Reflecting on Albrecht Altdorfer’s painting “The Battle of Alexander at Issus” (1529), German historian Reinhart Koselleck wrote that in medieval Europe, time was marked by “expectations,” and so the painting was full of omens. When German poet and critic Friedrich Schlegel (1772–1829) encountered “The Battle of Alexander” in the Louvre nearly three centuries after it was created, he was dazzled by “seeing this miracle,” but for him, the painting had no deeper meaning—it was simply a work of art from a particular historical era. As Koselleck argued, over those three hundred years, the very idea of “time” had undergone a transformation.
When Altdorfer painted the battle scene, the chaos of daily life was mixed with fear of the inevitable end of the world (eschaton, as it’s called in the ancient Greek translation of the Hebrew Bible). The rise of the Ottoman Empire, in particular, was a direct cause for anxiety, and the Antichrist, in a more theological sense, provoked widespread unease. By the early 19th century, time for Europeans no longer foretold an inevitable apocalypse. Instead, it began a journey from Isaac Newton’s “absolute, true, and mathematical time” toward the modern cesium clock.
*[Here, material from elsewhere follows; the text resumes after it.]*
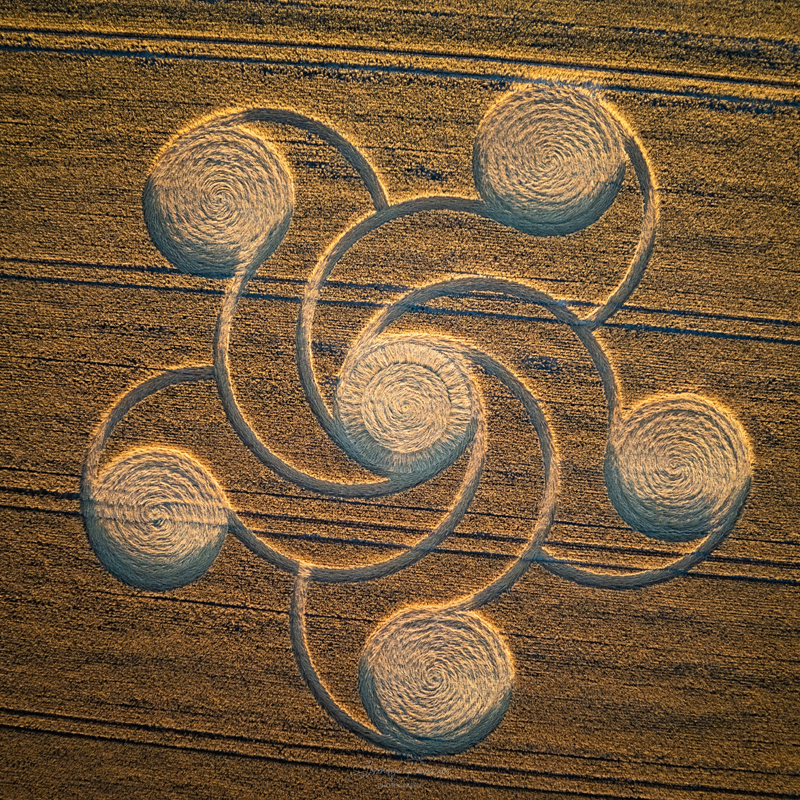 Crop Circles 2022 - Etchilhampton Hill (2), Nr Devizes, Wiltshire. Reported 8th August DJI_0115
Time became linear, and after the French Revolution of 1789, the future began to sound like a promise of utopia. To speed up progress, post-revolutionary France boldly declared that 1792 would be the first year of a new calendar. Months were divided into three “decades” of ten days each, and days were split into 10 hours, each hour into 100 decimal minutes, and so on. Then, in 1929, the USSR under Stalin abolished the seven-day week and replaced it with a five-day week, naming the days yellow, pink, red, purple, and green. In 2002, the President of Turkmenistan announced that January would henceforth be called “Turkmenbashi,” after his official title as “Head of the Turkmen.” Again and again, our clocks and calendars have become hostages to the ideological needs of the state.
More importantly, as German historian Jürgen Osterhammel notes in his book The Transformation of the World: A Global History of the Nineteenth Century (2009), the democratization of time—thanks to public clocks in city squares and later the availability of wristwatches—changed how 19th-century North Atlantic societies understood their connection to the spread of uniform time. But this also created problems. In Germany, where five time standards existed, it took a bold campaign by Prussian Field Marshal Helmuth von Moltke the Elder to convince parliament to establish a single time standard based on the Greenwich Meridian. As historian Vanessa Ogle writes in her book The Global Transformation of Time (2015):
“Overcoming the regionalism inherent in observing five different local times was as much a matter of national security as it was of nation-building.”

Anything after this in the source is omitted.